— Work task —
Find the line that holds "Mam Zoon Lopen" in the material below. Output that line and each one after it exactly, but not the pictures.

— Given entries —
^^^^^^^^^^^^^^^^
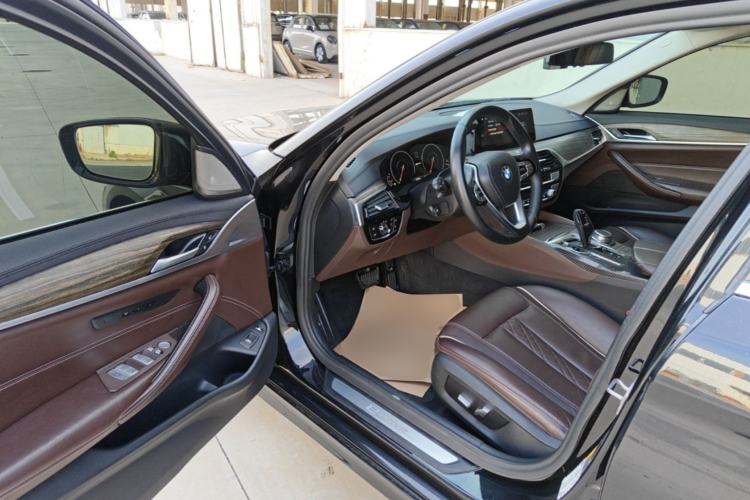 Used BMW 5 Series New Energy 2019 530Le Luxury Package Driver Seat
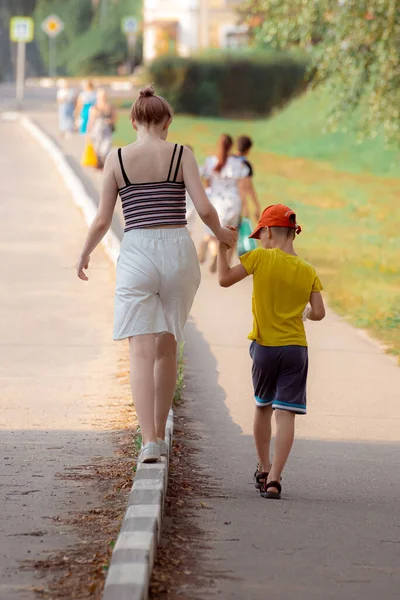 Mam Zoon Lopen Zomers Met Hand Stoep Het Park Stockafbeelding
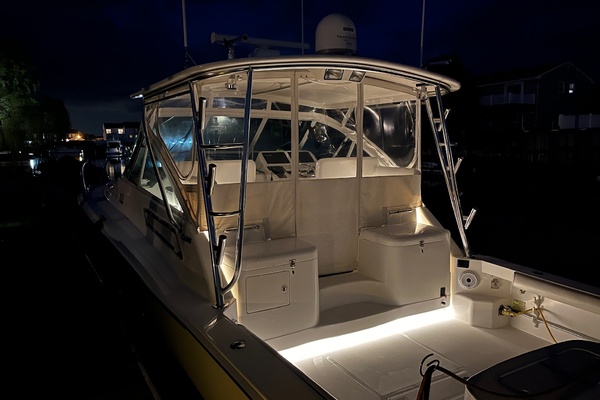 Outlaw 32ft Cabo Yacht For Sale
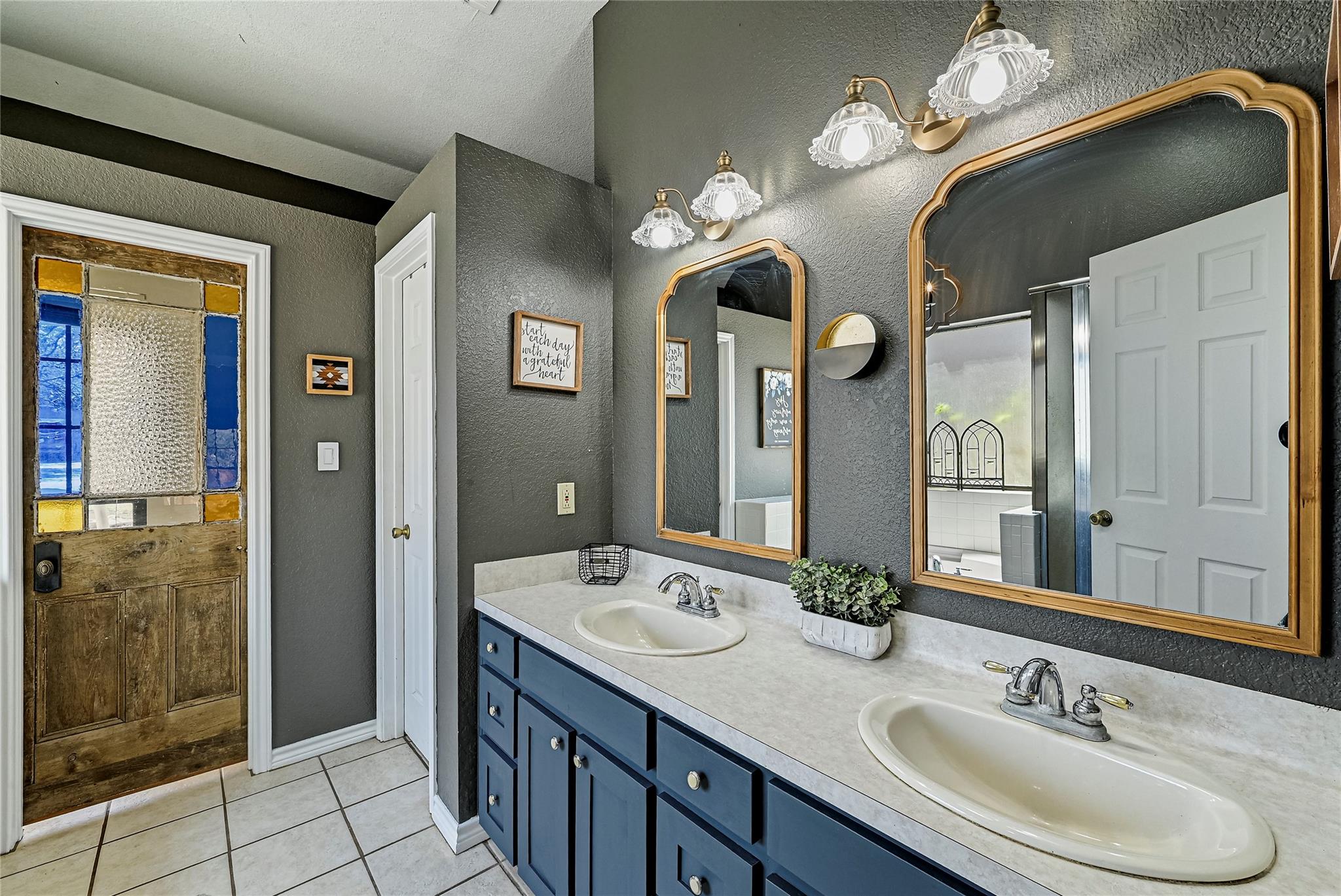 12 Deer Ridge Rd, Wimberley, TX 78676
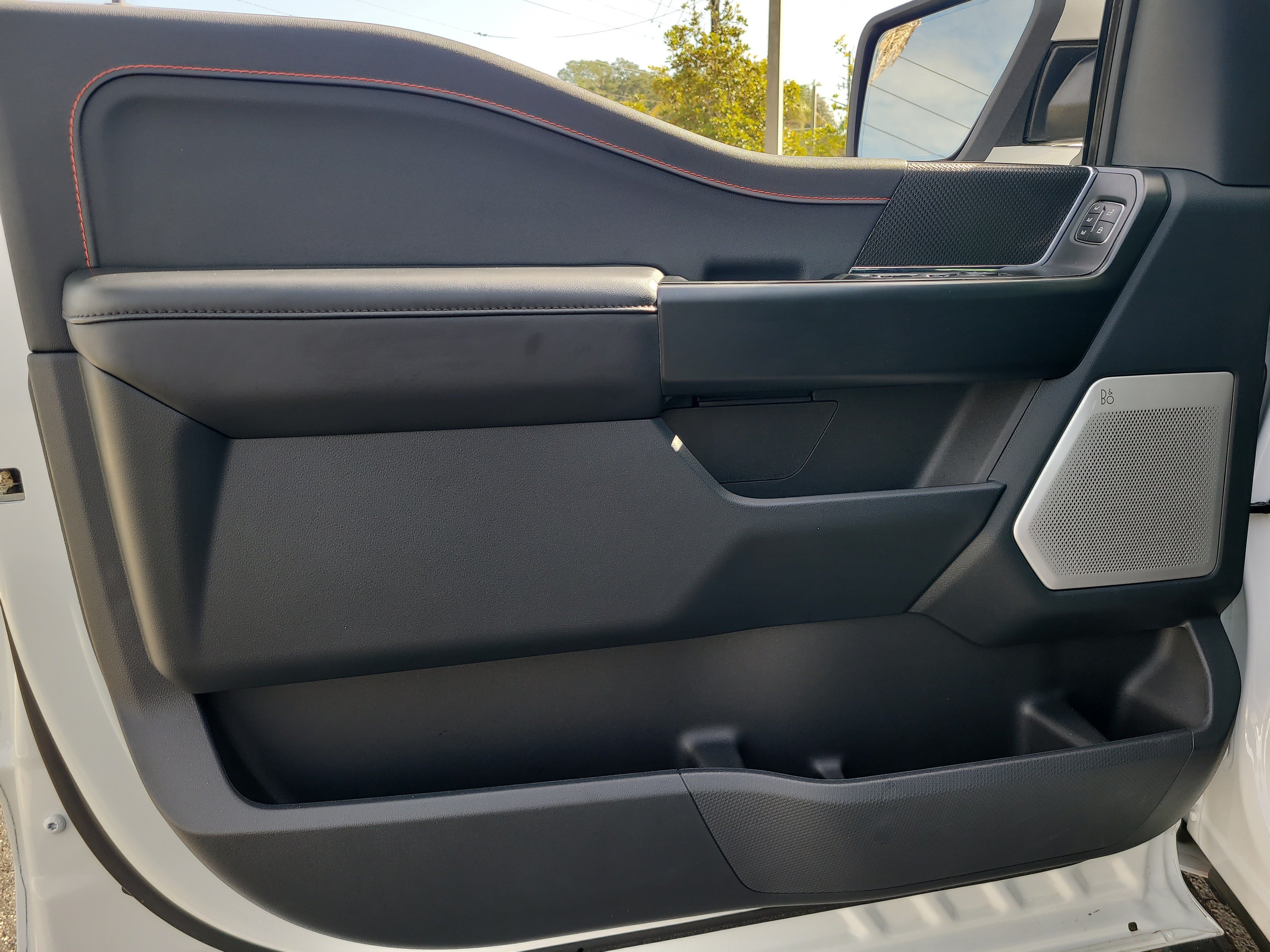 Used 2025 Oxford White Ford Raptor image 16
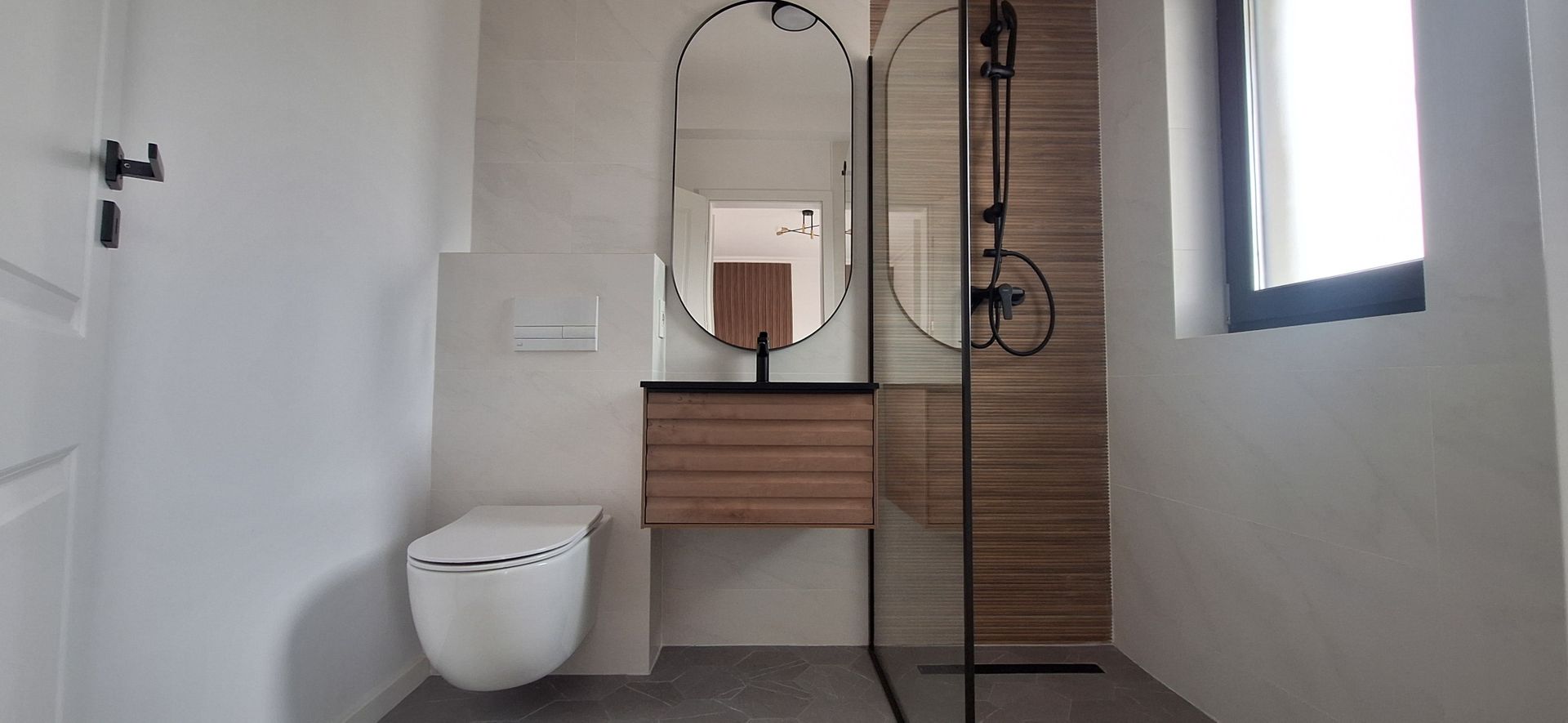 Duplex frumos cu arhitectura mediteraneana - Poză 17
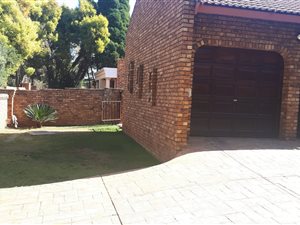 Studio apartment in Sunward Park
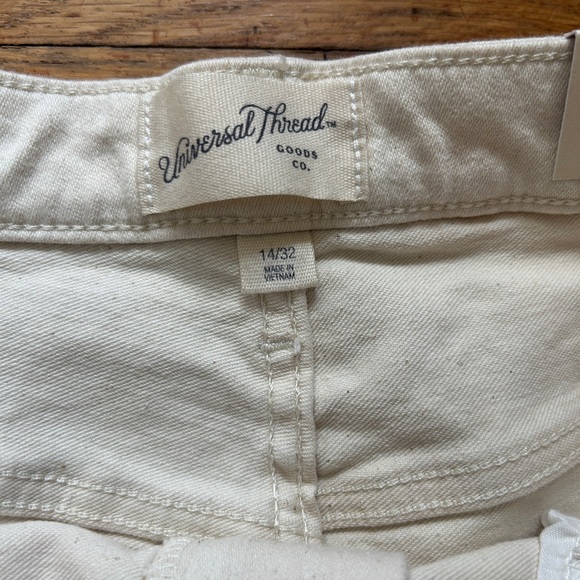 Universal Thread Women's Cream Jean Shorts - Picture 3 of 4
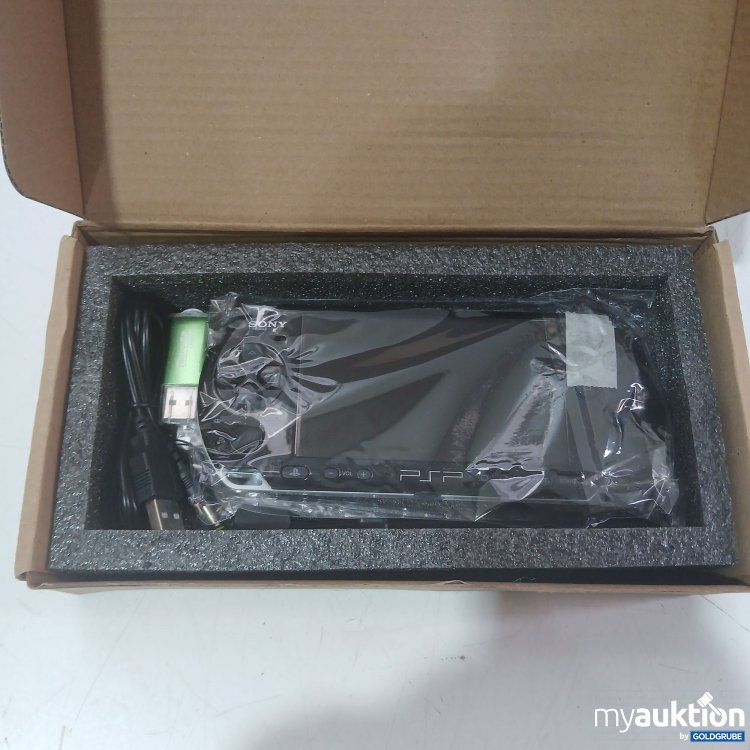 Artikel Nr. 989229 Artikel Nr. 989229: Sony PlayStation Portable PSP3000 Konsole schwarz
^^^^^^^^^^^^^^^^
— Result for this exercise —
 Mam Zoon Lopen Zomers Met Hand Stoep Het Park Stockafbeelding
 Outlaw 32ft Cabo Yacht For Sale
 12 Deer Ridge Rd, Wimberley, TX 78676
 Used 2025 Oxford White Ford Raptor image 16
 Duplex frumos cu arhitectura mediteraneana - Poză 17
 Studio apartment in Sunward Park
 Universal Thread Women's Cream Jean Shorts - Picture 3 of 4
 Artikel Nr. 989229 Artikel Nr. 989229: Sony PlayStation Portable PSP3000 Konsole schwarz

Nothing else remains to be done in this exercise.